- 25°52′43″N 74°21′27″E﻿ / ﻿25.878651°N 74.357570°E
- Type: Chalcolithic archaeological site
- Location: Beawar district, Rajasthan, India

Site notes
- Excavation dates: 1999-2000, 2000-01

= Ojhiyana archaeological site =

Archaeological site

The Ojhiyana archaeological site in Bhilwara वर्तमान नए जिले के अनुसार ब्याबर district, previously excavated in 1999-2000, revealed remains of Chalcolithic cultures. The 2000-01 excavation yielded white painted black and red wares, terracotta bulls, cow figurines, copper tools, and various beads, dating from the 3rd to 2nd millennium B.C.

== Excavations ==

The Jaipur Circle of the Survey, led by B.R. Meena and Alok Tripathi, conducted excavations at Ojiyana, 30 km southwest of Beawar in the hilly region of District Bhilwara. The site's unique hill slope location distinguishes it from other Ahar culture sites in Ahar river valleys.

=== Excavation details ===

The site revealed a single-culture deposit with a thickness of about 7.5 m, divided into three phases based on pottery and structural evidence.

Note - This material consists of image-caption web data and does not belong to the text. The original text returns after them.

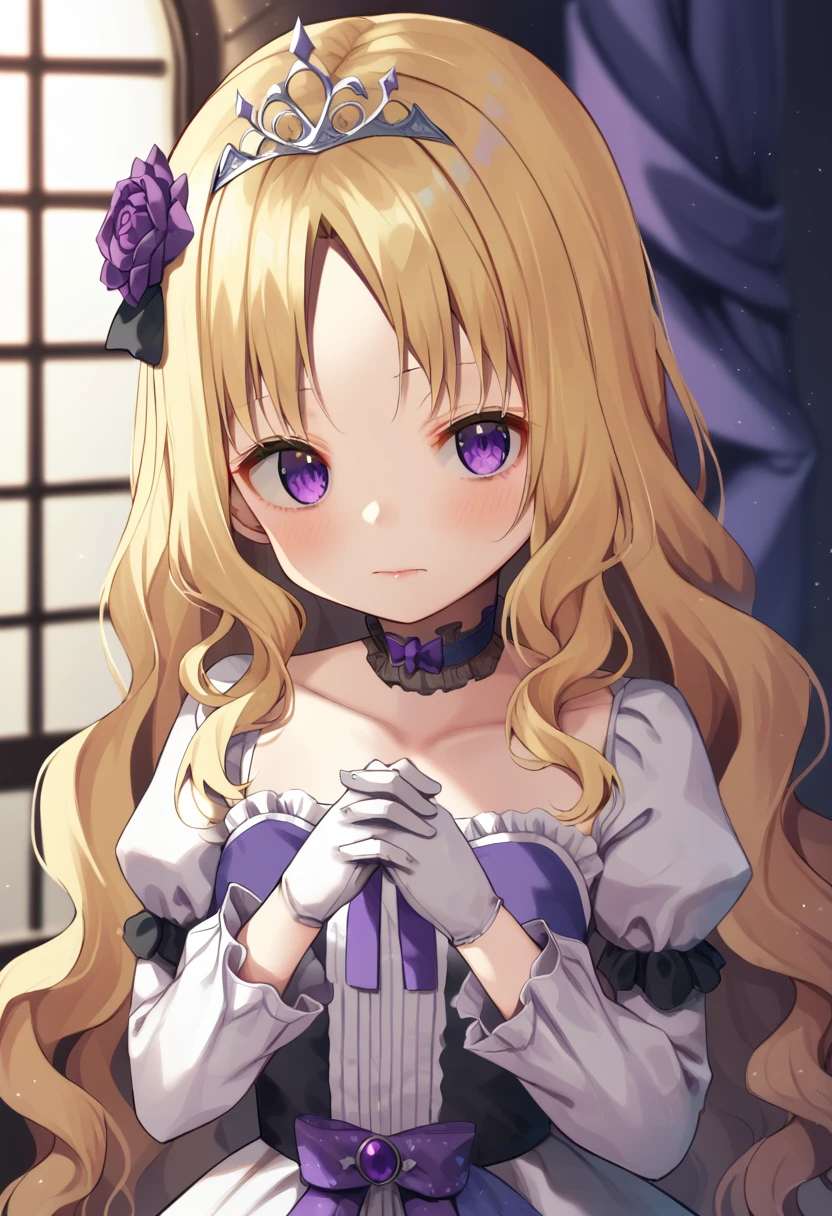 score_9. score_8_up. score_7_up, slutty_clothes, corruption, corrupt_girl, 1girl, blonde hair, solo, long hair, flower, dress, tiara, white dress, gloves, long sleeves, choker, purple eyes, white gloves, purple bow, purple flower, wavy hair, standing, bow, jewelry, looking at viewer, white background, closed mouth, collarbone, puffy sleeves, own hands together, upper body, parted bangs, very long hair, purple dress, frills, bangs, cowboy shot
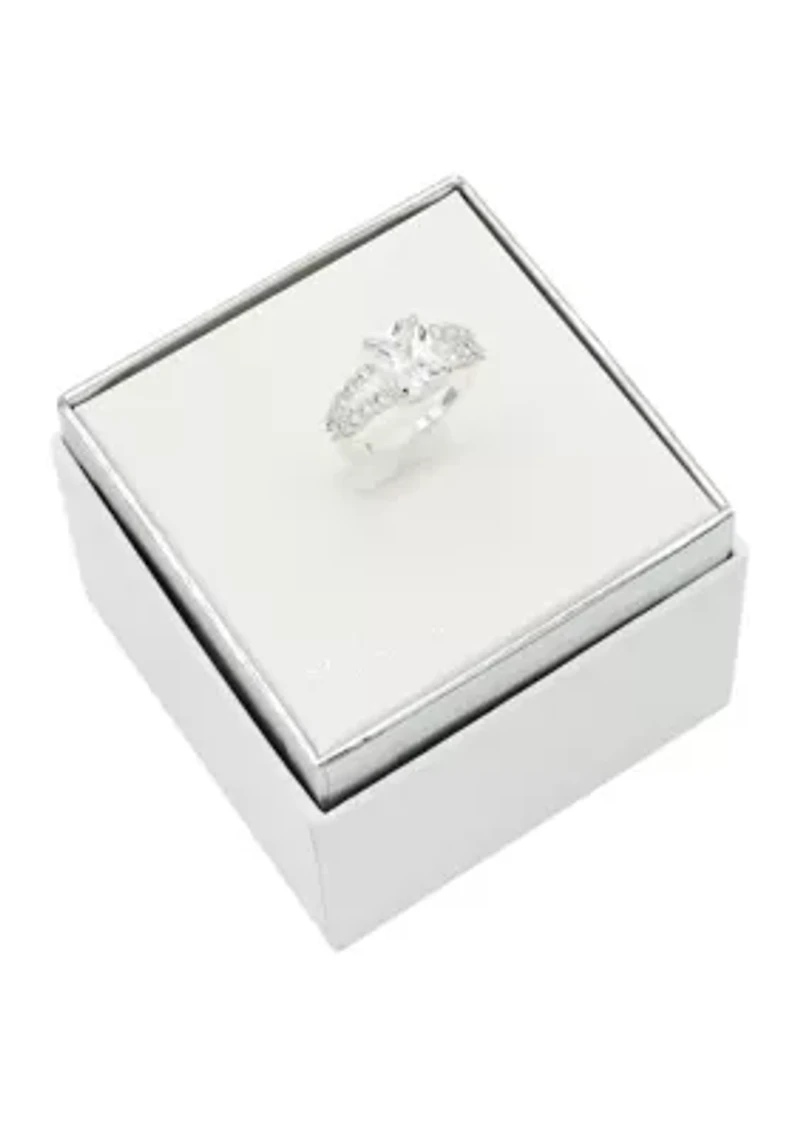 Lab Grown Silver Tone Rectangle Clear Cubic Zirconia Ring with Open Shank Band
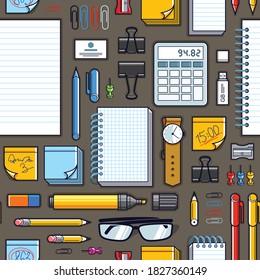 Work office desk top view with a lot of different stationery elements seamless vector wallpaper, business job theme image with diversity objects illustrations pic.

Initial settlers used sun-dried mud-bricks for houses on the natural rock. In Phase II, locally available stones were used for construction, marking a shift. Phase III showed a decline with evidence of a devastating fire.

=== Cultural continuity ===

Despite changes, the excavation displayed cultural continuity from the 3rd millennium B.C. to mid-2nd millennium B.C., indicating permanent settlement, growth, development, and decline, alongside the assimilation of new ideas.

=== Antiquities ===

Unique findings include terracotta bulls, white-painted and stylized, termed "Ojiyana bulls," possibly used in ceremonies. Terracotta cow figurines, a copper chopper, Harappan-type faïence, and various beads were discovered. Ornaments included copper and shell bangles, copper rings, and pendants. Agricultural tools like saddle-querns and hammer-stones were also unearthed.